Nei giorni della memoria torna a germinare il seme della protesta popolare. Botta e risposta tra Cina e America sul tema della violazione dei diritti umani
di Paolo Marra
Mentre il mondo assisteva alla graduale dissoluzione del blocco comunista nei paesi dell’Est Europa il 4 maggio 1989 la Piazza della Pace Celeste- Tienanmen– nel cuore di Pechino fu invasa da una folla di studenti radunatasi per protestare contro la corruzione dilagante nel paese, crescita delle diseguaglianze sociali e intolleranza del Partito Comunista Cinese nei confronti di tutto ciò potesse rappresentare una minaccia per l’ordine costituito. Nell’anno dalla caduta del muro di Berlino avvenuta pochi mesi dopo- il 9 novembre- il vento del cambiamento soffiava anche sulla Cina portando con sé istanze di libertà non più procrastinabili.
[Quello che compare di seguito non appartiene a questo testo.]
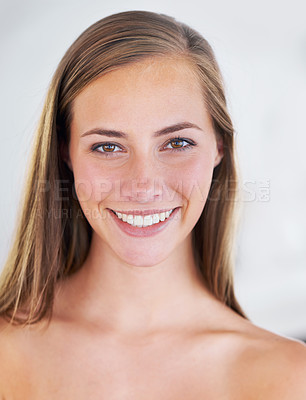 Buy stock photo Head shot of a gorgeous brunette with a perfect complexion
Fu attuata una protesta insolita per il contesto cinese di quegli anni: lo sciopero della fame per manifestare l’insoddisfazione latente di una nuova generazione di studenti ed intellettuali al fine di marcare la distanza tra le condizioni della società civile e l’apertura al mercato libero. Un mese dopo dei 100 mila manifestanti accampati a presiedere Piazza Tienanmen ne erano rimasti poche migliaia. Dopo l’iniziale indecisione del Governo fu ordinata la repressione della manifestazione. Il timore di una nuova Rivoluzione Culturale Maoista- che tra il 1966 e il 1969 provocò milioni di morti, mai accertati- spinse il pragmatico Deng Xiaoping, Presidente della Commissione Militare, a mobilitare le truppe. Come spesso accade quando il precipitare degli eventi non lascia altro tempo alla mediazione quello che sembrava evitabile si trasformò nell’assurdo vortice di violenze e soprusi. Nella memoria collettiva rimane l’immagine del giovane in camicia bianca, senza identità, fermo davanti alla fila di carri armati dell’Esercito di Liberazione Popolare per impedire la loro avanzata verso la Città Proibita. La foto scattata da un giornalista dell’Associated Press è diventata simbolo, contagiosamente potente, dell’eroico gesto dell’uomo di fronte all’inevitabile. Il resto è cronaca, la cronaca di un massacro perpetuato nella notte tra il 3 e il 4 giugno del 1989 ai danni di studenti, operai e civili. A 32 da quei fatti, che sconvolsero l’opinione pubblica internazionale, l’accertamento delle reali dimensioni della repressione del “regime” in termini di numeri di morti, incarcerati e dispersi è ancora coperta dal segreto di Stato.
Le celebrazioni non autorizzate in memoria delle vittime di Piazza Tienanmen dello scorso 4 giugno ad Hong Kong sono state scenario di arresti e tentativi di disperdere la folla da parte della polizia per la presenza di slogan pro-secessione dell’ex colonia britannica- annessa alla Cina nel 1997. Pronta è stata la reazione degli Stati Uniti con le dichiarazioni del segretario di Stato USA Antony Blinken che ha invitato il governo Cinese al rispetto dei diritti di “uomini liberi” e a far luce, con un resoconto dettagliato, su quanto accade in quei giorni di fine anni ‘80. La replica piccata del Segretario degli Esteri cinese è stata altrettanto ferma nell’avvertire gli Stati Uniti di non intromettersi negli affari interni della Cina e di guardarsi “allo specchio” occupandosi delle loro violazioni dei diritti umani. La dichiarazione tocca in maniera palese il nervo scoperto della violazione dei diritti degli afroamericani negli USA con la scia di soprusi da parte della polizia, processi e manifestazione in tutto il Paese di cui siamo stati testimoni nell’ultimo periodo, in particolare sotto la presidenza Trump. Ma senza dubbio quello del Governo Cinese sembra un tentativo maldestro di spostare l’attenzione sulle fratture non del tutto composte delle Democrazie Occidentali per non ammettere gli errori del passato che ancora oggi alimentano la renitenza della prima potenza economica del mondo all’apertura “democratica” verso i valori universali dei diritti umani compromessi da censura e controllo arbitrario. È indispensabile dare un volto alla storia, il volto della verità, cercando di far luce sulle atrocità perpetuate e sulle responsabilità non assunte o non ascritte al fine di mantenere in essere assetti economici egemoni ed interessi geopolitici.